### What is being asked
Type out the data again, word for word and in full.

[Records contained in a dataset]
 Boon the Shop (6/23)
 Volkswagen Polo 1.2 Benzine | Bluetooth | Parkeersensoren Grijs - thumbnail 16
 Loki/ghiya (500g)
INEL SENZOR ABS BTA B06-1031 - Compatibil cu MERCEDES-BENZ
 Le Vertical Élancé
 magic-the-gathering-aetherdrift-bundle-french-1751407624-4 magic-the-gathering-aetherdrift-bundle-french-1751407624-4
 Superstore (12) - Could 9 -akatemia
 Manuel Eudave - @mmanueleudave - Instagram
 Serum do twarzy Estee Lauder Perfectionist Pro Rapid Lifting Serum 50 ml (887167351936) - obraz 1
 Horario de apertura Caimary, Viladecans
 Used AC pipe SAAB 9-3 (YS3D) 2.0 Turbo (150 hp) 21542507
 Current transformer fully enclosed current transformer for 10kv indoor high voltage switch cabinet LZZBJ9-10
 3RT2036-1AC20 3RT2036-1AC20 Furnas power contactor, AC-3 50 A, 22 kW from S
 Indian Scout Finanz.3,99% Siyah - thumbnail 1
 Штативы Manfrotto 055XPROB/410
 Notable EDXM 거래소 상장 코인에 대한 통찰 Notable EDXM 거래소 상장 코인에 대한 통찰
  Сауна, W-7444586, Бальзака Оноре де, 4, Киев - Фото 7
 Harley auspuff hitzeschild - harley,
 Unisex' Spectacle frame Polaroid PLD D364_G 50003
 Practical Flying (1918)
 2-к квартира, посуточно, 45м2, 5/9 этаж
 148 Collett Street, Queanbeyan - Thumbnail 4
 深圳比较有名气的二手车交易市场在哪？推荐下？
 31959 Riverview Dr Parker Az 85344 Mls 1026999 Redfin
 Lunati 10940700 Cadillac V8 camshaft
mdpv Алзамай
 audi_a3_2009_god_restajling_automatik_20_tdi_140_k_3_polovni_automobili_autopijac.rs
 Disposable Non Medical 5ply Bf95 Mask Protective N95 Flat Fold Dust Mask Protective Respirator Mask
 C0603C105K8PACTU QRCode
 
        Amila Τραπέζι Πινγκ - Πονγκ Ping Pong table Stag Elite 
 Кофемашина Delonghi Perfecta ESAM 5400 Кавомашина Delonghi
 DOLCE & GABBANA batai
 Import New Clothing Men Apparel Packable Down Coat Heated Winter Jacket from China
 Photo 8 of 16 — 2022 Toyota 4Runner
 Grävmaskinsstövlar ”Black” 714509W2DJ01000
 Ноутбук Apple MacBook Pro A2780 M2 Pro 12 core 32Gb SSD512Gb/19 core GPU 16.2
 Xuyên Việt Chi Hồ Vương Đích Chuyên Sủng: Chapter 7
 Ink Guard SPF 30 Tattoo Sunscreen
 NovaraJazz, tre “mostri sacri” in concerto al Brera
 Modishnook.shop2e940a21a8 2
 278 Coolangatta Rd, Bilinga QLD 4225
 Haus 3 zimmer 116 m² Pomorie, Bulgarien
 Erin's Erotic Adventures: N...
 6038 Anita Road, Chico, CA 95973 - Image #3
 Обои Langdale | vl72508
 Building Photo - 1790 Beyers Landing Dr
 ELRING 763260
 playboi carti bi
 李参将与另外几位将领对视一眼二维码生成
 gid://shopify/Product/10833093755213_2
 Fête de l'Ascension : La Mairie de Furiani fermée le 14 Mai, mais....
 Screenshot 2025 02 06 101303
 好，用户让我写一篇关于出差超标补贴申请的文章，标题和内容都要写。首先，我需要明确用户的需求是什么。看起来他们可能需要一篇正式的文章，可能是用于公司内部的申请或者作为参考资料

### Response to the exercise
 Boon the Shop (6/23)
 Volkswagen Polo 1.2 Benzine | Bluetooth | Parkeersensoren Grijs - thumbnail 16
 Loki/ghiya (500g)
INEL SENZOR ABS BTA B06-1031 - Compatibil cu MERCEDES-BENZ
 Le Vertical Élancé
 magic-the-gathering-aetherdrift-bundle-french-1751407624-4 magic-the-gathering-aetherdrift-bundle-french-1751407624-4
 Superstore (12) - Could 9 -akatemia
 Manuel Eudave - @mmanueleudave - Instagram
 Serum do twarzy Estee Lauder Perfectionist Pro Rapid Lifting Serum 50 ml (887167351936) - obraz 1
 Horario de apertura Caimary, Viladecans
 Used AC pipe SAAB 9-3 (YS3D) 2.0 Turbo (150 hp) 21542507
 Current transformer fully enclosed current transformer for 10kv indoor high voltage switch cabinet LZZBJ9-10
 3RT2036-1AC20 3RT2036-1AC20 Furnas power contactor, AC-3 50 A, 22 kW from S
 Indian Scout Finanz.3,99% Siyah - thumbnail 1
 Штативы Manfrotto 055XPROB/410
 Notable EDXM 거래소 상장 코인에 대한 통찰 Notable EDXM 거래소 상장 코인에 대한 통찰
  Сауна, W-7444586, Бальзака Оноре де, 4, Киев - Фото 7
 Harley auspuff hitzeschild - harley,
 Unisex' Spectacle frame Polaroid PLD D364_G 50003
 Practical Flying (1918)
 2-к квартира, посуточно, 45м2, 5/9 этаж
 148 Collett Street, Queanbeyan - Thumbnail 4
 深圳比较有名气的二手车交易市场在哪？推荐下？
 31959 Riverview Dr Parker Az 85344 Mls 1026999 Redfin
 Lunati 10940700 Cadillac V8 camshaft
mdpv Алзамай
 audi_a3_2009_god_restajling_automatik_20_tdi_140_k_3_polovni_automobili_autopijac.rs
 Disposable Non Medical 5ply Bf95 Mask Protective N95 Flat Fold Dust Mask Protective Respirator Mask
 C0603C105K8PACTU QRCode
 
        Amila Τραπέζι Πινγκ - Πονγκ Ping Pong table Stag Elite 
 Кофемашина Delonghi Perfecta ESAM 5400 Кавомашина Delonghi
 DOLCE & GABBANA batai
 Import New Clothing Men Apparel Packable Down Coat Heated Winter Jacket from China
 Photo 8 of 16 — 2022 Toyota 4Runner
 Grävmaskinsstövlar ”Black” 714509W2DJ01000
 Ноутбук Apple MacBook Pro A2780 M2 Pro 12 core 32Gb SSD512Gb/19 core GPU 16.2
 Xuyên Việt Chi Hồ Vương Đích Chuyên Sủng: Chapter 7
 Ink Guard SPF 30 Tattoo Sunscreen
 NovaraJazz, tre “mostri sacri” in concerto al Brera
 Modishnook.shop2e940a21a8 2
 278 Coolangatta Rd, Bilinga QLD 4225
 Haus 3 zimmer 116 m² Pomorie, Bulgarien
 Erin's Erotic Adventures: N...
 6038 Anita Road, Chico, CA 95973 - Image #3
 Обои Langdale | vl72508
 Building Photo - 1790 Beyers Landing Dr
 ELRING 763260
 playboi carti bi
 李参将与另外几位将领对视一眼二维码生成
 gid://shopify/Product/10833093755213_2
 Fête de l'Ascension : La Mairie de Furiani fermée le 14 Mai, mais....
 Screenshot 2025 02 06 101303
 好，用户让我写一篇关于出差超标补贴申请的文章，标题和内容都要写。首先，我需要明确用户的需求是什么。看起来他们可能需要一篇正式的文章，可能是用于公司内部的申请或者作为参考资料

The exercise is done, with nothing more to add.